Nothing but the lines from the start of the entries below through the line containing "a home office" should appear in the answer, copied exactly and free of pictures.
"""
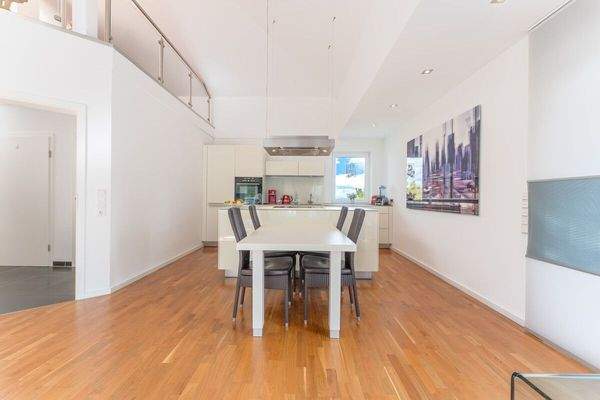 Blick aus dem Wohnbereich auf den Essbereich mit offener Küche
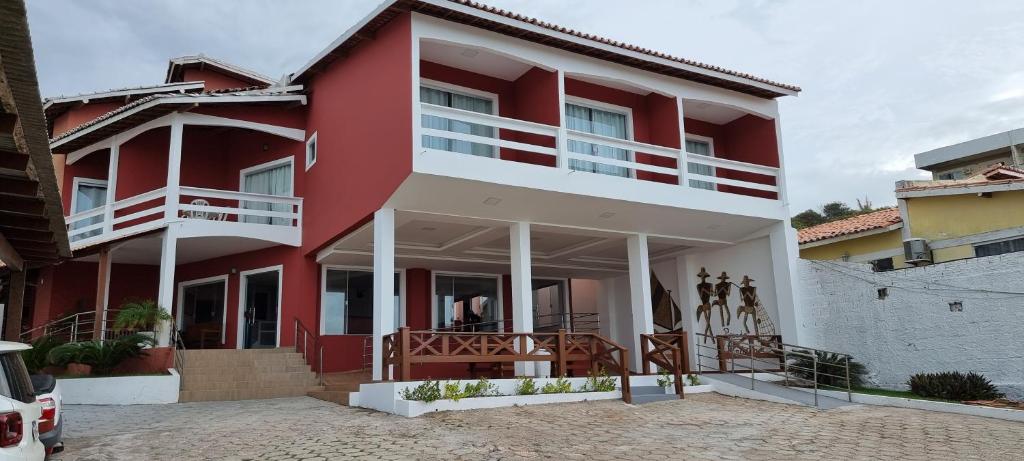 Casa rossa e bianca con balcone. di Pousada Litorânea a São Luís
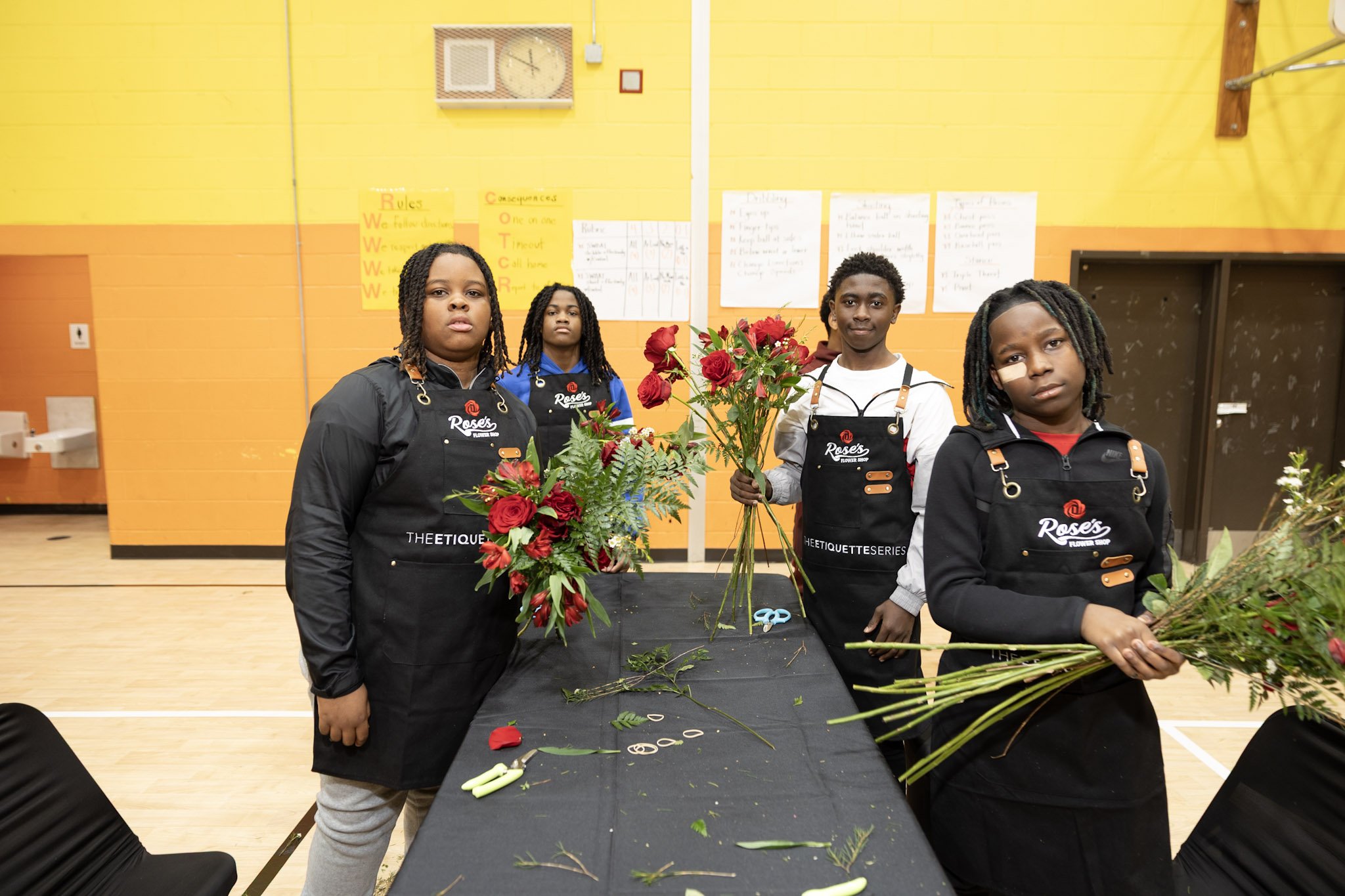 Four children wearing black aprons, standing behind a table with flower arrangements and tools, in a brightly colored indoor space with yellow and orange walls.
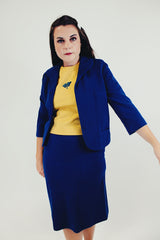 vintage three piece knit set with blue cropped jacket, midi skirt, and sleeveless embroidered top front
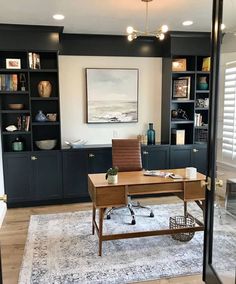 a home office with built - in bookcases and an area rug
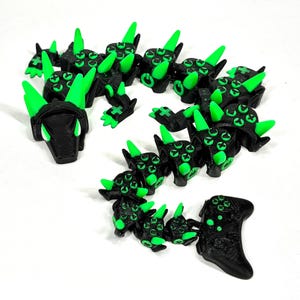 May include: A collection of black and green 3D-printed articulated dragon figures. Each dragon segment features green spikes and multiple green eye-like details. The figures are arranged on a white surface.
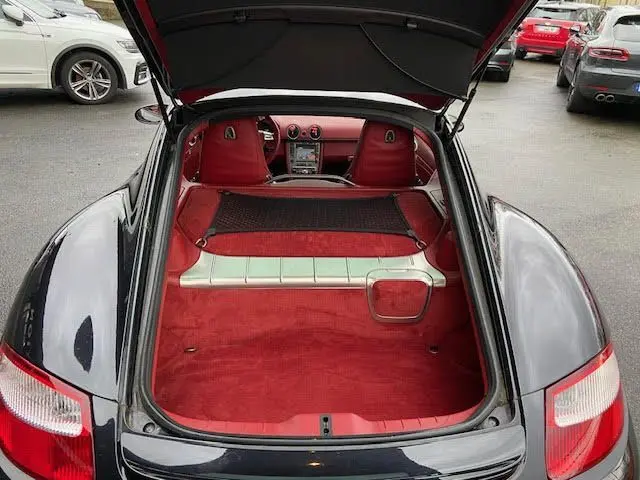 Vue arrière du coffre ouvert d'une Porsche Cayman noire de 2008, intérieur rouge avec sièges sport visibles.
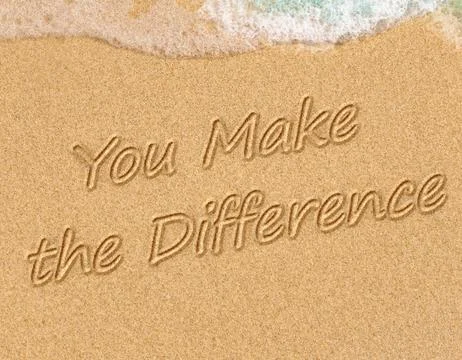 You Make the Difference on the sand on the beach with the sea washing up th.. Stock Photos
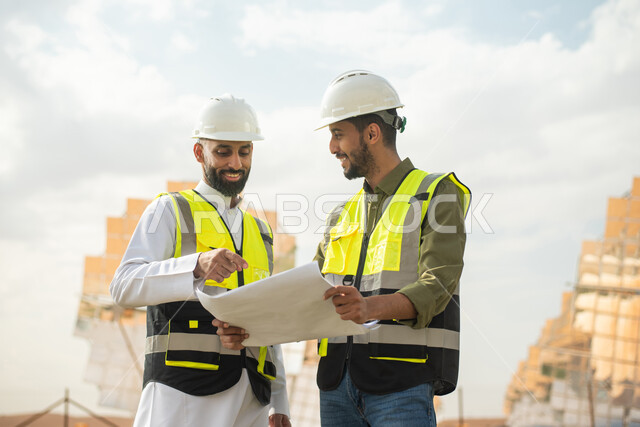 محطات الطاقة الشمسية المتجددة، مهندسان عربيان خليجيان سعوديان يشرفان على محطات الطاقة الشمسية في السعودية، إرتداء خوذة وسترة الحماية الخاصة بالعمل، مخططات وتصاميم هندسية، حوارات ونقاشات عمل ،  الواح وستلايت انتاج الطاقة الكهربائية , تطور التقنية .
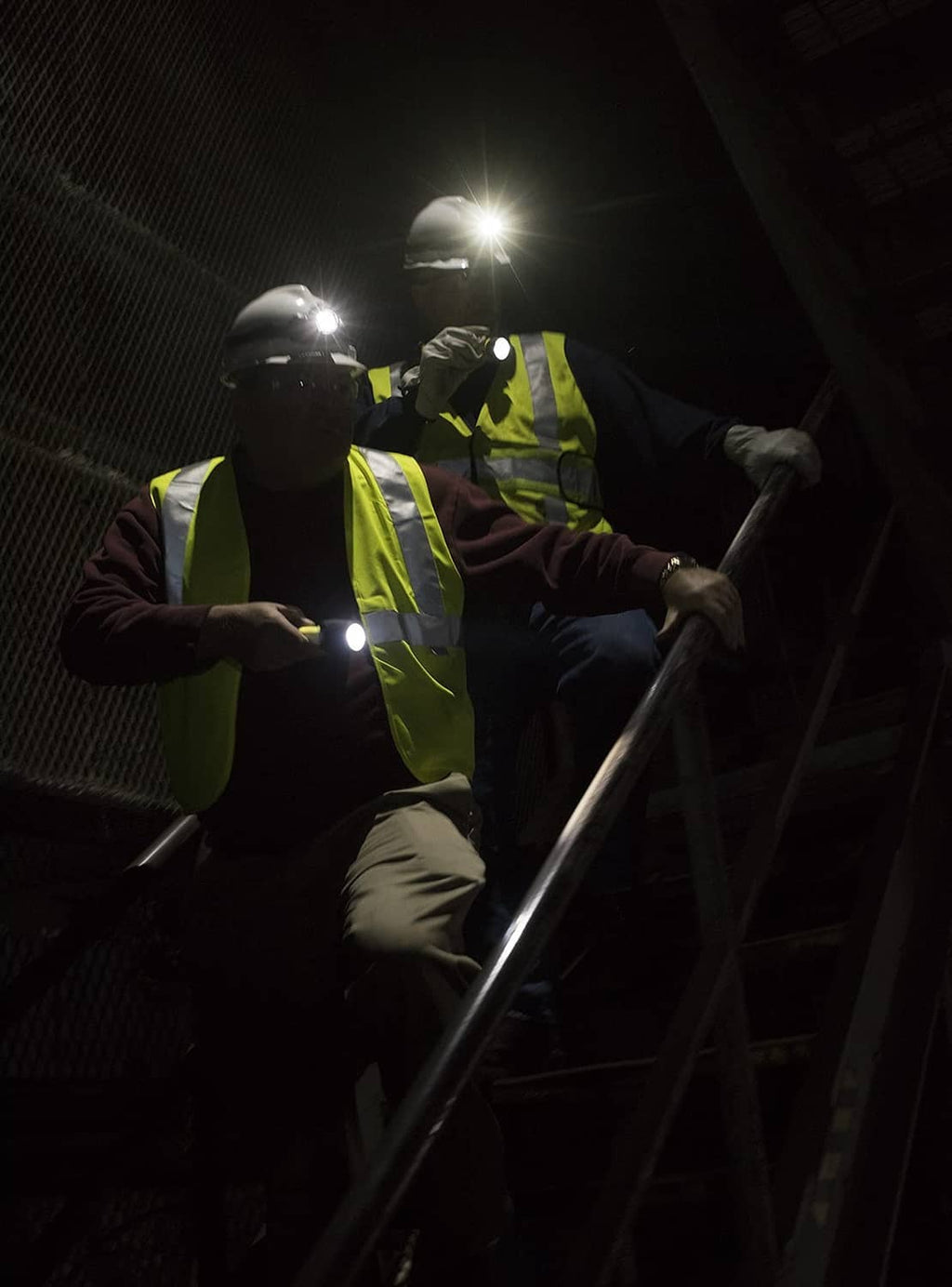Headlamp on worker’s head with bright white beam and high-visibility vest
"""
Your response:
 Blick aus dem Wohnbereich auf den Essbereich mit offener Küche
 Casa rossa e bianca con balcone. di Pousada Litorânea a São Luís
 Four children wearing black aprons, standing behind a table with flower arrangements and tools, in a brightly colored indoor space with yellow and orange walls.
 vintage three piece knit set with blue cropped jacket, midi skirt, and sleeveless embroidered top front
 a home office with built - in bookcases and an area rug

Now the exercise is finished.